The next night they set a trap of a strong cord stretched low across the pathway out of the village, with four strong men in hiding to pounce when he tripped over the line. But the white-haired screamer leaped over the cord as if he knew it was there.

The next night, Natwani and the men resolved to use deadly force and the best archers hid in the shadows of the trail down the slope, but the white-haired screamer didn’t return. For the next five nights they waited, and on the sixth they gave up, and shortly after midnight the screamer screamed and the frazzled village roused.

“It’s not a man,” said an elderly farmer. “It’s a spirit in the wind that looks like a man.”

They held an impromptu all-night ceremony in the great kiva, everyone in the village present, and in a quiet moment when the fire had died to coals and many dozed, the white-haired screamer dropped through the entrance in the roof without using the ladder and landed with a hard thud on the floor. He screamed and spun about and began to climb up the ladder to escape, but his leg did not work properly and he struggled. Natwani pulled him down as others added sticks to the fire and in the light they all recognized him.

“Lucio,” Natwani said. “The Sun Spider man.”

Lucio screamed again, rolled his eyes and thrashed, but Natwani held him.

“Why?” Natwani asked.

Lucio went limp, and began to sputter. “No sun. No sun. Without Sun Spider I … nothing. No sun. No sun.”

# # #

I didn’t know myself who the screamer would be … then the Sun Spider man stepped into the role.
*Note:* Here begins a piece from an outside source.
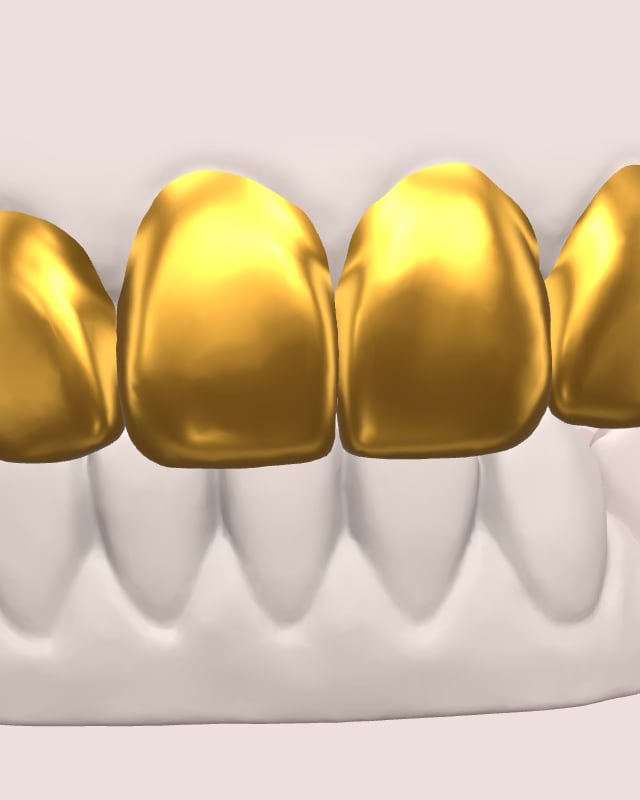 Six upper teeth in 20K yellow gold on the 3D jaw, in Blush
It’s funny how the subconscious of a writer works. Things happen that I can’t rightly claim.

4 Comments

Filed under #FridayFlash, Anasazi, Ancient Americans, Historial Fiction

The Sun Spider

An Anasazi Story by Jeff Posey.

Lucio found the longest, straightest sapling he thought he could handle. He cut it down and beat all its limbs off with his river-stone ax, then dragged it to the open glade rock below the village.

He found seven more and did the same.

“What are you doing, Lucio?” a boy asked.

“Building a Sun Spider,” he said.

A crowd began to gather as he worked. Women carrying water from the little river changed their path to pass by the glade rock. Hunters left and returned the same way, and old women set up their looms in the shade on the uphill side.

Lucio beamed in the attention, but he refused all help and worked alone. After he gathered eight long polls, he began stacking shorter logs like a strangely laid bonfire. He set the logs in an interlocking fashion that towered into a strong structure more than twice his own height.

He leaned the straight poles against the structure and tied them together with long cords of yucca string, then climbed and work for days atop the structure.

When he had secured the eight polls together at the top and stacked stones at the footing of each he noticed the ancient skywatcher standing in the shadows. The old man had never shown the slightest interest in Lucio, and now his chance had come.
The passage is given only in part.